Après notre séjour à Berlin, j'avais eu une période "achat de livres sur l'Allemagne". Bien sûr, il me fallait ce roman de Hans Fallada, apparemment très connu. Et bien m'en a pris.
Seul dans Berlin relate les vies croisées des habitants d'un immeuble de la rue Jablonski, dans la capitale allemande sous le joug nazi. Il y a les Persicke, terrorisés par leurs fils nazillons en herbe, la vieille Rosenthal dont le mari a "disparu", Herr Fromm le juriste épris de justice ou encore les Quangel, dont l'unique fils vient de mourir au front. Chacun vit/survit/s'épanouit, au choix, sous le règne injuste et arbitraire des chemises brunes. Petites arnaques ou grandes compromissions, tous les habitants ont leur propre prisme de lecture et leurs propres critères pour décider de ce qui est bien ou mal.
Dans un style très clinique, Hans Fallada décortique au microscope toutes ces vies, les réflexions de ces personnages confrontés à une situation où l'arbitraire, la brutalité aveugle font la loi. Où la vérité est une notion bien floue.
Chaque personnage est psychologiquement bien campé, fouillé, et prend vie sous nos yeux parfois ébahis par tant de lâcheté, de vilénie ou de courage. Certains sont clairement des têtes à claques, d'autres sont haïssables ou pathétiques. Fallada a de ce point de vue le grand mérite de ne pas faire des "gentils" des personnages immaculés ou parés de l'auréole des saints. Non, ils ont eux aussi leurs failles, leurs défauts et leurs bassesses.
Anna, Baldur ou Enno, à travers leurs actions, nous donnent à voir ce qu'était le quotidien des berlinois. Et Fallada parvient à montrer ainsi les petits détails de la vie de tous les jours mais également les grands traits d'une dictature. Manipulation, mensonges, peur et terreur institutionnalisées, violence gratuite, mais aussi compromissions, collaboration, regards détournés et résistance obstinée et désespérée face à l'oppression.

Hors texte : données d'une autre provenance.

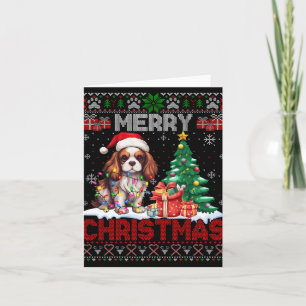 Tarjeta Feliz Navidad Cavalier King Dog ama a los feos nav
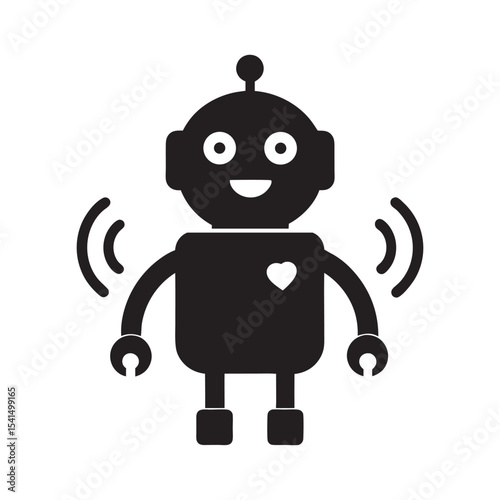 Empathy Robot Heart Sensor Silhouette Vector Illustration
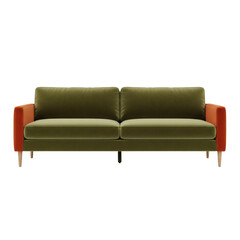 Modern green and orange sofa isolated on transparent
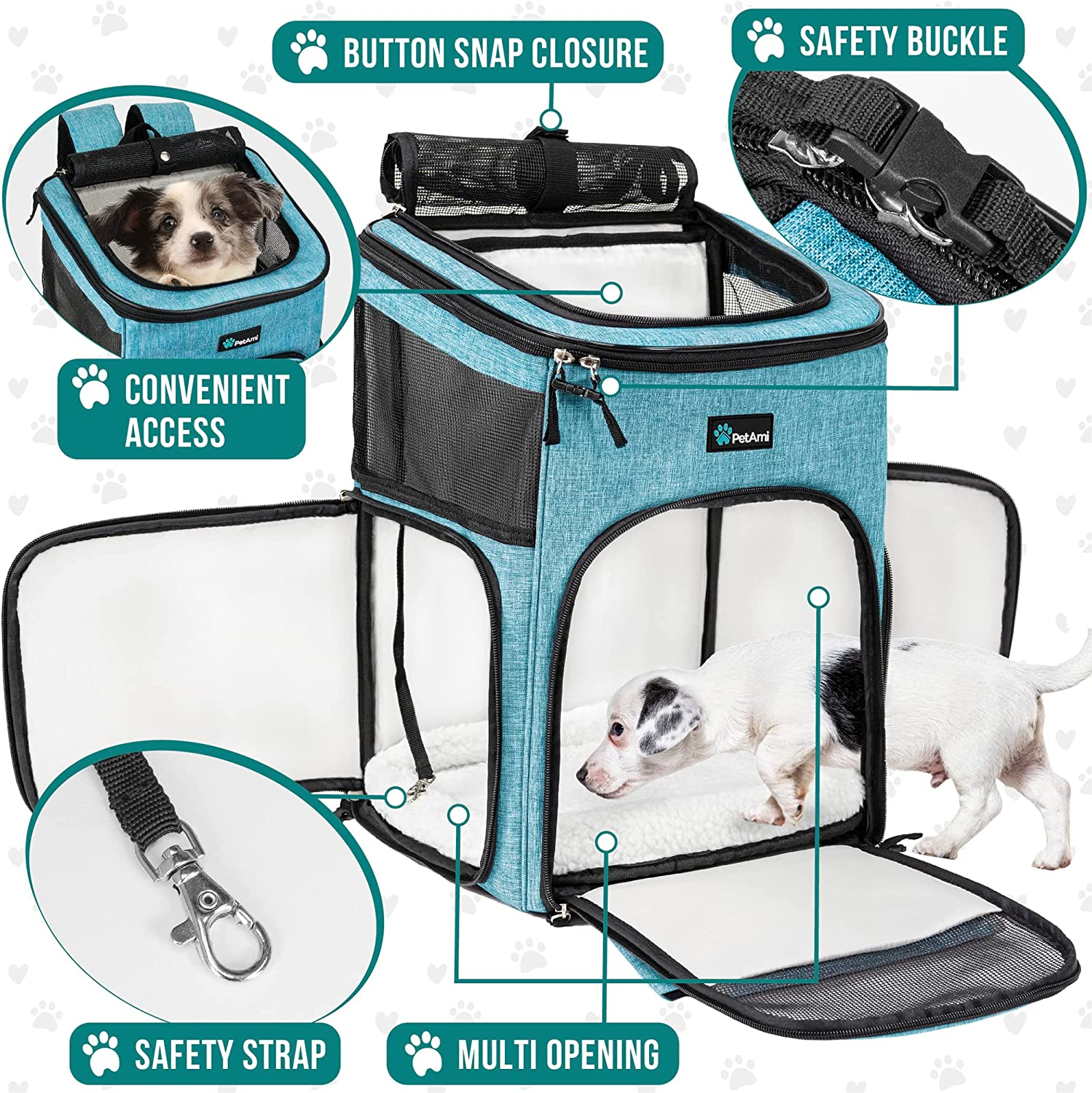 Petami Pet Carrier Backpack for Small Cats, Dogs, Puppies | Ventilated Structured Frame, 4 Way Entry, Safety and Soft Cushion Back Support | Collapsible for Travel, Hiking, Outdoor (Turquoise) image number 2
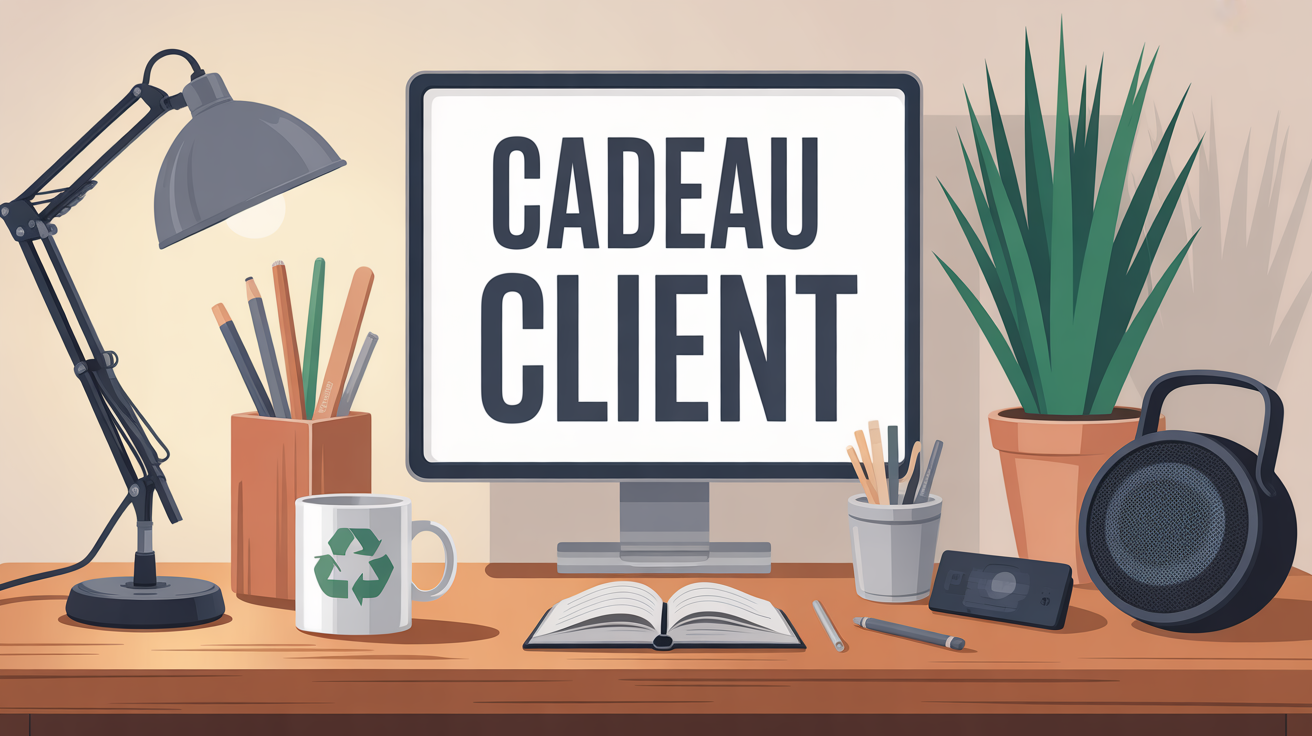 idée cadeau pour client objets personnalisés sur bureau professionnel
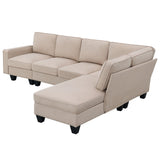 Hearth and Haven Zachary 5-Piece L-Shaped Sectional Sofa Set with Ottoman, Khaki GS000088AAA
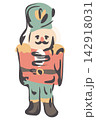Cute Christmas Nutcracker Hand Drawn Vector 142918031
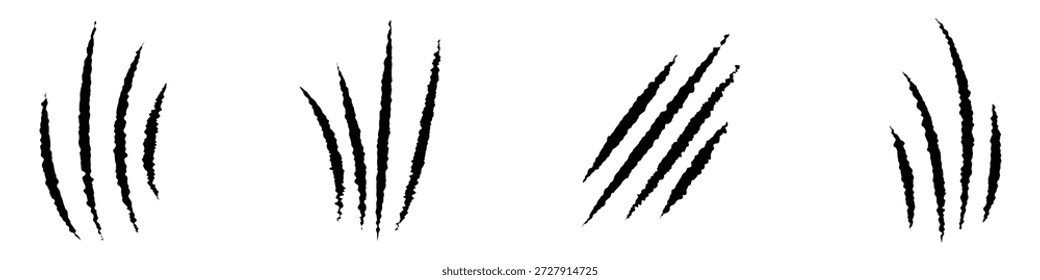 Marcas de garra pretas ásperas ícone definir vetor. Marca de garra de desenho da mão, faixas de garra, arranhões de unhas. símbolo de arranhões de animais selvagens. ilustração vetorial.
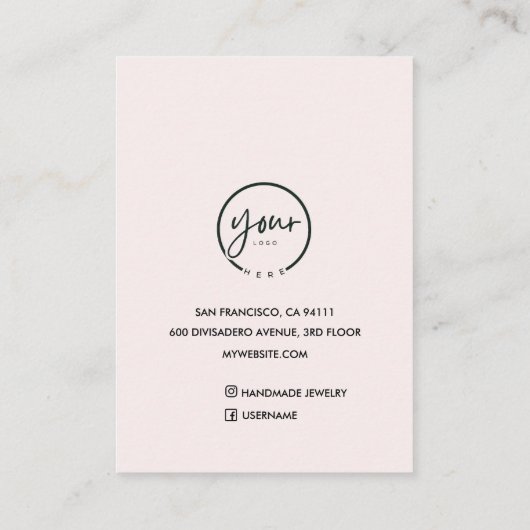 Carte De Visite Monogramme minimal initial et nom Pastel rose (Dos)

Tenu à distance par la plume froide et clinique de l'auteur, qui ne tombe jamais dans la facilité et les violons "tireurs de larmes", le lecteur ne peut cependant qu'être ému par les destins des personnages, brisés par un régime totalitaire véritable rouleau compresseur. Décortiquant impitoyablement les pensées des Otto, Trudel et autres Enno, Fallada nous plonge dans leurs tourments, leurs questionnements et les mécanismes qu'ils mettent en oeuvre pour survivre dans un univers impitoyable.
Pas de grandes envolées lyriques, de héros romantiques, mais un récit lucide, prenant et terriblement réaliste que je vous recommande.
"Quelques civils étaient noyés dans cette foule chamarrée. Ici comme partout dans les rues et dans le usines, les civils ne signifiaient pas grand chose. Le parti était tout, le peuple n'était rien"
"Non que le SS Obergruppenführer Prall fût particulièrement occupé. Ou plutôt si, il était précisément très occupé! Escherich entendait le tintement des verres, le bruit des bouchons qui sautaient, des rires et des cris. Une des nombreuses réunions de haut gradés. Réunions, beuveries, détente, délassement, après les grosses fatigues causées par les gens qu'il fallait torturer et envoyer à la potence"
"Si, tu es un voleur! Tu enlèves des fils à leur mère, des hommes à leurs femme, aussi longtemps que tu tolère qu'on les fusille par milliers chaque jour et que tu ne remues pas le petit doigt pour faire cesser le carnage. Tout cela tu le sais parfaitement, et je me demande si au fond tu n'es pas pire qu'un nazi bon teint. Les nazis sont trop bêtes pour savoir quel crime ils commettent. Mais toi, tu le sais, et pourtant tu ne fais rien pour t'y opposer."